Start of Data segment

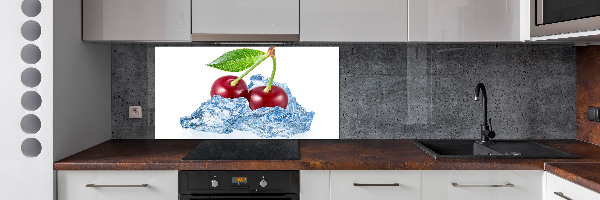 Spatscherm keuken Kers met ijs
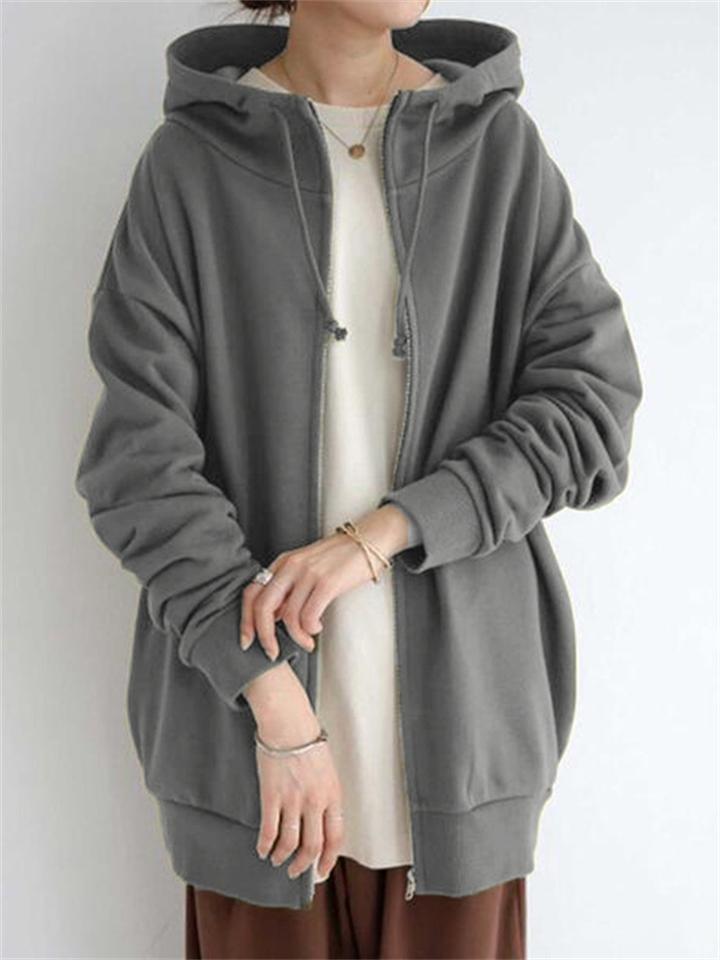 Women's Fashion Full Zip Up Thermal Hoodies for Winter
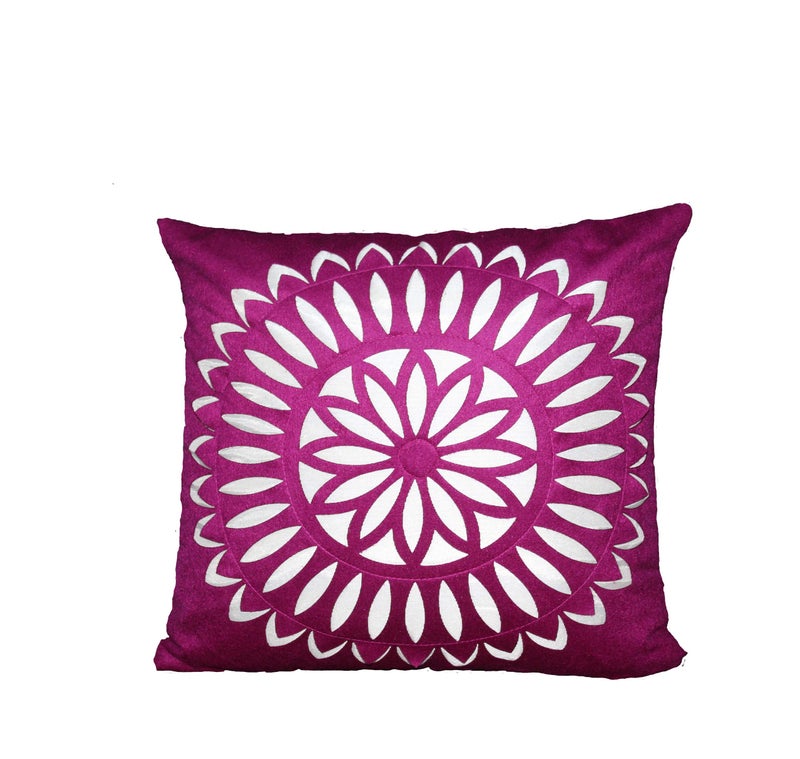 JDX Polyester 200TC Cushion Covers, 16X16 inches, Pink, 5 Pieces - Image 2
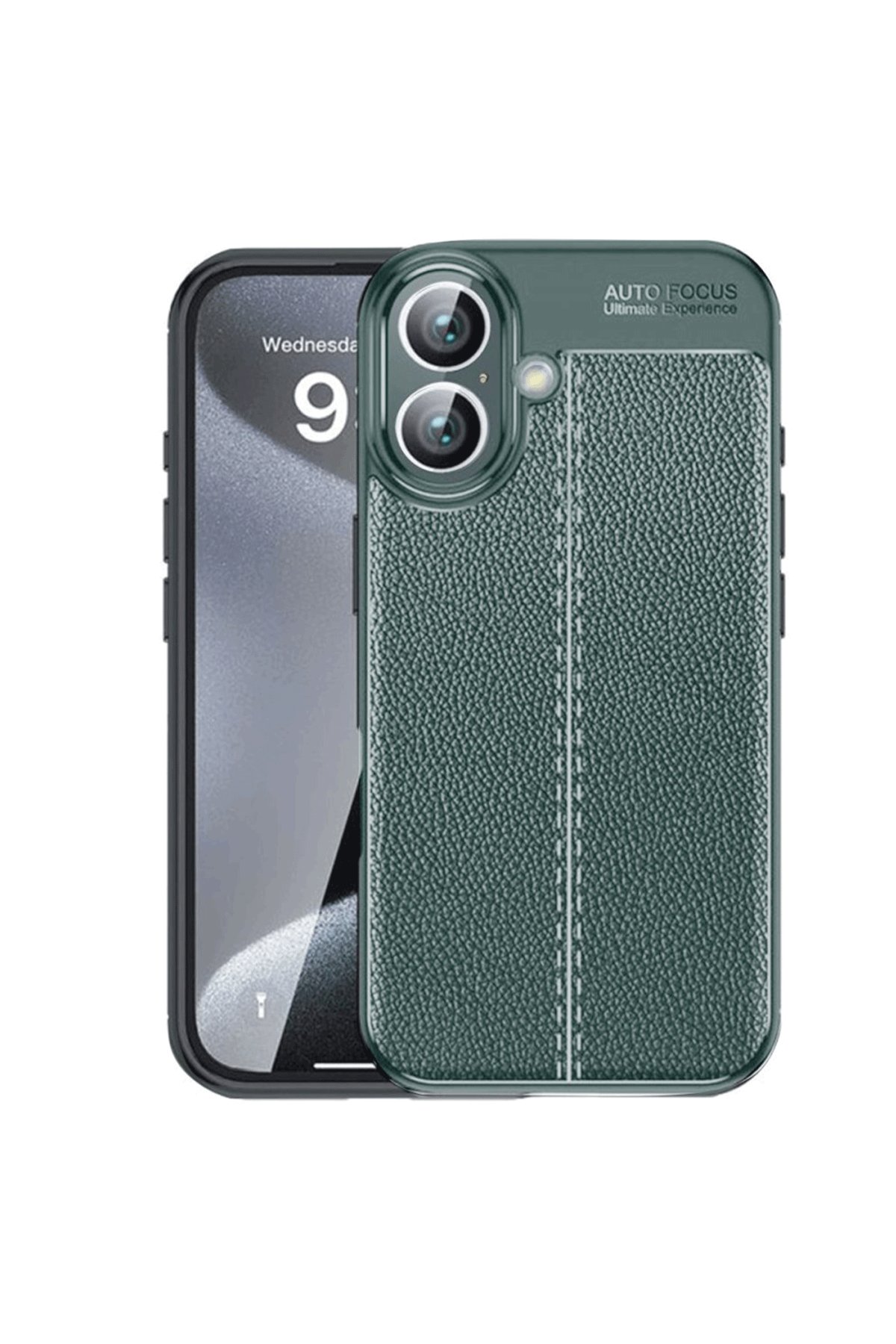 iPhone 16 Plus Kılıf Auto Focus Kapak - Koyu Yeşil  iPhone 16 Plus Kılıf Auto Focus Kapak - Koyu Yeşil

End of Data segment

**What to produce**
Reproduce every line above word for word; no images.

**Answer below**
 Spatscherm keuken Kers met ijs
 Women's Fashion Full Zip Up Thermal Hoodies for Winter
 JDX Polyester 200TC Cushion Covers, 16X16 inches, Pink, 5 Pieces - Image 2
 iPhone 16 Plus Kılıf Auto Focus Kapak - Koyu Yeşil  iPhone 16 Plus Kılıf Auto Focus Kapak - Koyu Yeşil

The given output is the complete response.